La prostitución, el tráfico de úteros y la venta de órganos son temas que suscitan intensas controversias. La venta de órganos está prohibida en casi todas partes del mundo, ya que existe un consenso sobre que nadie debería verse obligado a vender partes de su cuerpo. Sin embargo, la gestación subrogada comercial sigue siendo legal en varios países, incluidos algunos estados de EE. UU., Sudáfrica, Kazajistán, Georgia, Ucrania y, de manera vergonzosa, Rusia. Esta situación permite que los ricos compren la salud de los pobres, lo que plantea serias cuestiones éticas y morales.

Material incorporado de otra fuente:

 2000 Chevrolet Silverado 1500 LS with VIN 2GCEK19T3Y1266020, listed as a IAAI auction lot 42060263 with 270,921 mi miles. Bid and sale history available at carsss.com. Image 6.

Las mujeres en situaciones de pobreza se ven a menudo empujadas a vender su capacidad de gestar, exponiéndose a riesgos significativos para su salud. El embarazo puede acarrear complicaciones graves, como problemas cardíacos, diabetes y fallos orgánicos. A pesar de los argumentos de quienes defienden la gestación subrogada comercial, que se basan en lemas como «su cuerpo, su elección», es crucial cuestionar si esta elección es realmente libre o si está condicionada por la necesidad económica.
La legalización de la venta de órganos podría abrir la puerta a horrores inimaginables. La posibilidad de que las personas sean coaccionadas a donar sus órganos, o que sus familias sean amenazadas, se convierte en un escenario aterrador. La historia nos ha enseñado que la normalización de la compra y venta de seres humanos lleva a la deshumanización y a la explotación sistemática de los más vulnerables.
La ilusión de la «elección» en la explotación
Los defensores de la prostitución legal argumentan que se trata de una decisión personal, un trabajo como cualquier otro. Sin embargo, la realidad es que la pobreza a menudo es el motor detrás de esta «elección». Legalizar la prostitución no elimina la coerción; por el contrario, puede facilitarla. Una vez que la prostitución es legal, es difícil verificar si una mujer está allí por elección o por fuerza. Los tratantes prosperan bajo la protección de un sistema que no cuestiona cómo llegaron esas mujeres a la industria.
El modelo sueco, que penaliza a los compradores en lugar de a las trabajadoras sexuales, ha demostrado ser efectivo en la reducción de la trata de personas y en la protección de quienes se encuentran atrapadas en situaciones de explotación. Este enfoque no es perfecto, pero ofrece un camino hacia la desestigmatización y el apoyo a las víctimas, en lugar de la criminalización.
La historia ha mostrado repetidamente las consecuencias de permitir la compra y venta de personas. En la Rusia zarista, los burdeles operaban legalmente, y la sociedad aceptaba que las mujeres desesperadas podían ser llevadas allí en contra de su voluntad. Este tipo de normalización no solo deshumaniza a las personas, sino que también perpetúa un ciclo de violencia y explotación.
La prohibición de la venta de órganos no se basa únicamente en su valor intrínseco, sino en la necesidad de preservar la dignidad humana. Si aplicamos este razonamiento a la prostitución y la gestación subrogada, se hace evidente que permitir la compra de servicios humanos relacionados con el cuerpo implica, en última instancia, aceptar la explotación de los más vulnerables. La única solución real es adoptar un enfoque que penalice a los compradores y cierre el mercado de la explotación, en lugar de disfrazar la esclavitud legalizada con la retórica de la «elección» y el «empoderamiento».